Lee Schipper of EMBARQ also works on transit, first and third world.
A coal-fired power plant capable of producing 1,000 megawatts of electricity burns at least 7.3 million kilograms of coal and releases upwards of 24 million kilograms of carbon dioxide into the atmosphere per day. The equivalent nuclear fission plant consumes just 3.2 kilograms of uranium per day and emits no carbon dioxide….
The newest designs [worked on by Vujic and colleagues], called “nuclear batteries” or small-footprint nuclear reactors, are self-contained power plants that can be installed in remote locations and crank out 100 to 300 megawatts for 15 to 20 years without refueling. Some serve as their own shipping crates for return to the factory, where the fuel is reprocessed for another battery.
“These would be especially useful in developing regions without a central electricity grid or advanced infrastructure, where we could provide cheap nuclear energy but also limit access to the fissile fuel,” Vujic says.
Nuclear battery See text for more information.
“Wouldn’t it be great if your meter could receive information about when the price is lowest to run your appliances and air conditioning?” asks mechanical engineering professor Paul Wright, acting director of the Center for Information Technology Research in the Interest of Society (CITRIS). To increase home energy efficiency and cut the cost of keeping cool,Wright and colleagues are bringing electronic brains into our home’s electrical systems, the next generation of “smart” meters and thermostats.
The approach, known as demand–response technology, uses the smart dust sensors…to monitor temperatures in various rooms of your home or apartment and relay data to a networked thermostat. Sensors coupled to electrical circuits in breaker boxes monitor power consumed by other appliances and indicate the cost of running, say, the washing machine at 2 p.m. on a sweltering day, when energy is most expensive. As energy prices shift, they are transmitted wirelessly from the utility company to the home’s smart meter.

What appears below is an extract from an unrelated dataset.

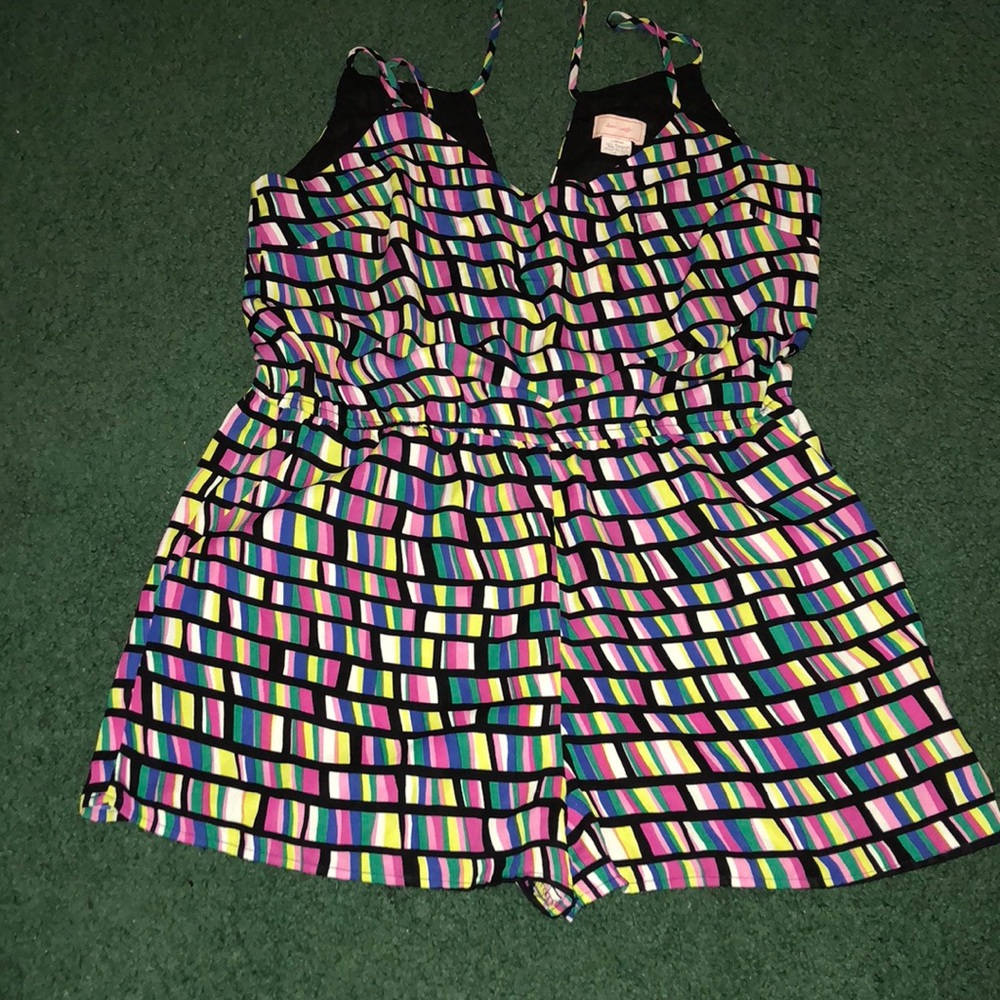Romper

The resident will simply program temperature preferences on a user-friendly thermostat. Employing control algorithms, the system then sets the air conditioner to match the desired profile as temperatures shift throughout the day…
The [California Energy Commission’s] goal is to equip every California home with new meters within 10 years, and the researchers hope their technology will be inside those devices. According to an Electric Power Research Institute report, the technology could eliminate the state’s need for five to ten new power plants over the next decade.